"A SEVERE weather warning for snow which could make higher roads hazardous was issued today by the Met Office.
It said accumulations of up to 20cm (8in) were likely, mainly above 400m but possibly as low as 300m, with drifting caused by strong easterly winds.
Main routes which could be affected include the A9 around the Drumochter pass, the A82 north of Tyndrum and the A87 west of Invergarry. The agency warned: “The public should be aware of the risk of difficult driving conditions on higher roads.
“In addition, conditions are likely to be hazardous for those out on the hills and mountains, whilst heavy rain at lower elevations may lead to surface water on roads.”
Heavy rain is forecast to spread north east across Scotland tonight, with snow above 300m and drifting caused by strong easterly winds.

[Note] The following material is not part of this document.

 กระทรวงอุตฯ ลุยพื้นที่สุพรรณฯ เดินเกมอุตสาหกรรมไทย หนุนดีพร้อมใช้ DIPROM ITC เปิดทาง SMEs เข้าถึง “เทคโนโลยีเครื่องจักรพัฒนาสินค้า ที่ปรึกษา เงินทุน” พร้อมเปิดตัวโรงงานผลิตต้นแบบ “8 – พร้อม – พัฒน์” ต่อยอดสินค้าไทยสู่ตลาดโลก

A Met Office spokesman said: “An active front will encounter cold air as it pushes into Scotland, with rain turning to snow over high ground.

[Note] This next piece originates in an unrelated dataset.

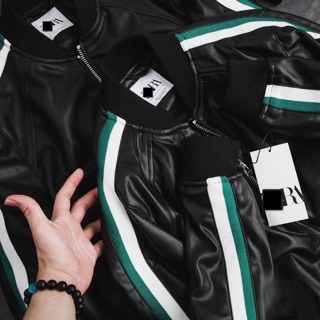 Áo Khoác Bomber Zara Chất Liệu Da PU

“Winds will increase, gusting to over 50mph on hills, and causing snow to drift.
“There is a fair amount of uncertainty about just how low snow will penetrate, and whether it will affect road levels.”" via IceAgeNow.info
Image caption: "A Yellow snow warning for Scotland has been issued which may affect parts of the A9. Picture: PA"
March 20, 2000, "Snowfalls are now just a thing of the past," Independent UK, by Charles Onians
"According to Dr. David Viner, a senior research scientist at the climatic research unit (CRU) of the University of East Anglia, within a few years winter snowfall will become "a very rare and exciting event."
"Children just aren't going to know what snow is," he said....But very little research has been done on the cultural implications of climate change - into the possibility, for example, that our notion of Christmas might have to shift....David Parker, at the Hadley Centre for Climate Prediction and Research in Berkshire, says ultimately, British children could have only virtual experience of snow. Via the internet, they might wonder at polar scenes - or eventually "feel" virtual cold.
Heavy snow will return occasionally, says Dr Viner, but when it does we will be unprepared. "We're really going to get caught out. Snow will probably cause chaos in 20 years time," he said. The chances are certainly now stacked against the sort of heavy snowfall in cities that inspired Impressionist painters, such as Sisley, and the 19th century poet laureate Robert Bridges, who wrote in "London Snow" of it, "stealthily and perpetually settling and loosely lying". Not any more, it seems."